Work order:
No picture belongs in the copy. Repeat each line below exactly.

Given information:
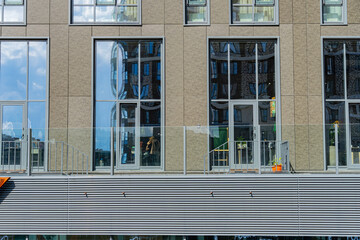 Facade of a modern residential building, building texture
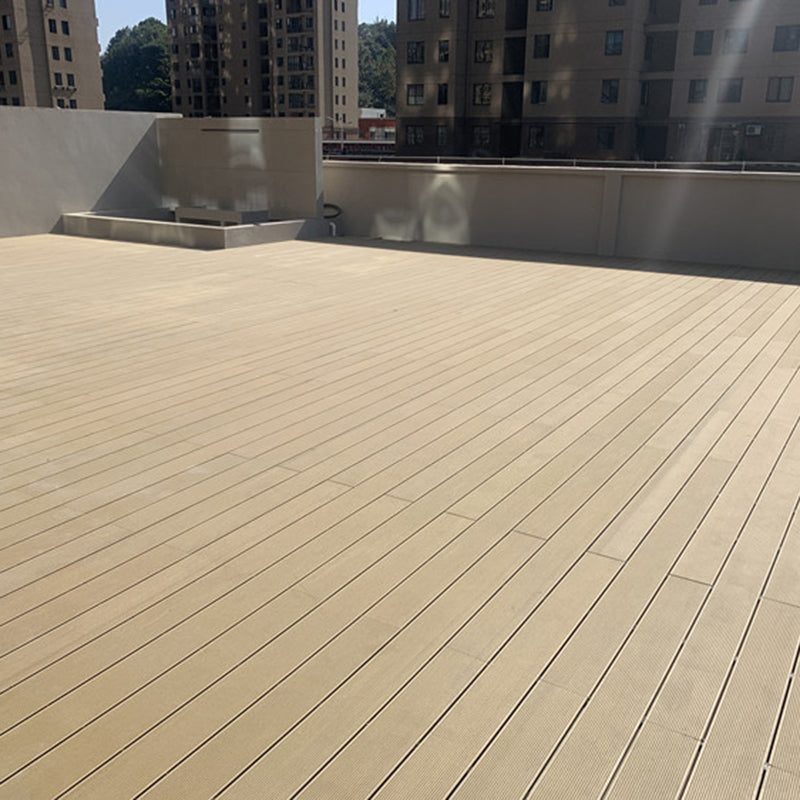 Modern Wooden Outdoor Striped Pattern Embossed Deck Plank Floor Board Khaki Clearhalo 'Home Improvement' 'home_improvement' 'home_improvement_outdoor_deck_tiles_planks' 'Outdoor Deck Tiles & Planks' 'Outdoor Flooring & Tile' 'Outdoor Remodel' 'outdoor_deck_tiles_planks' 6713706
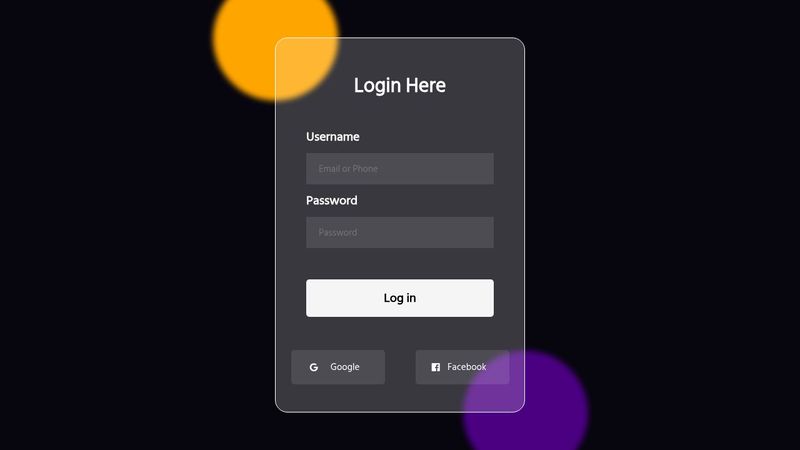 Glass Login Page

Written solution:
 Facade of a modern residential building, building texture
 Modern Wooden Outdoor Striped Pattern Embossed Deck Plank Floor Board Khaki Clearhalo 'Home Improvement' 'home_improvement' 'home_improvement_outdoor_deck_tiles_planks' 'Outdoor Deck Tiles & Planks' 'Outdoor Flooring & Tile' 'Outdoor Remodel' 'outdoor_deck_tiles_planks' 6713706
 Glass Login Page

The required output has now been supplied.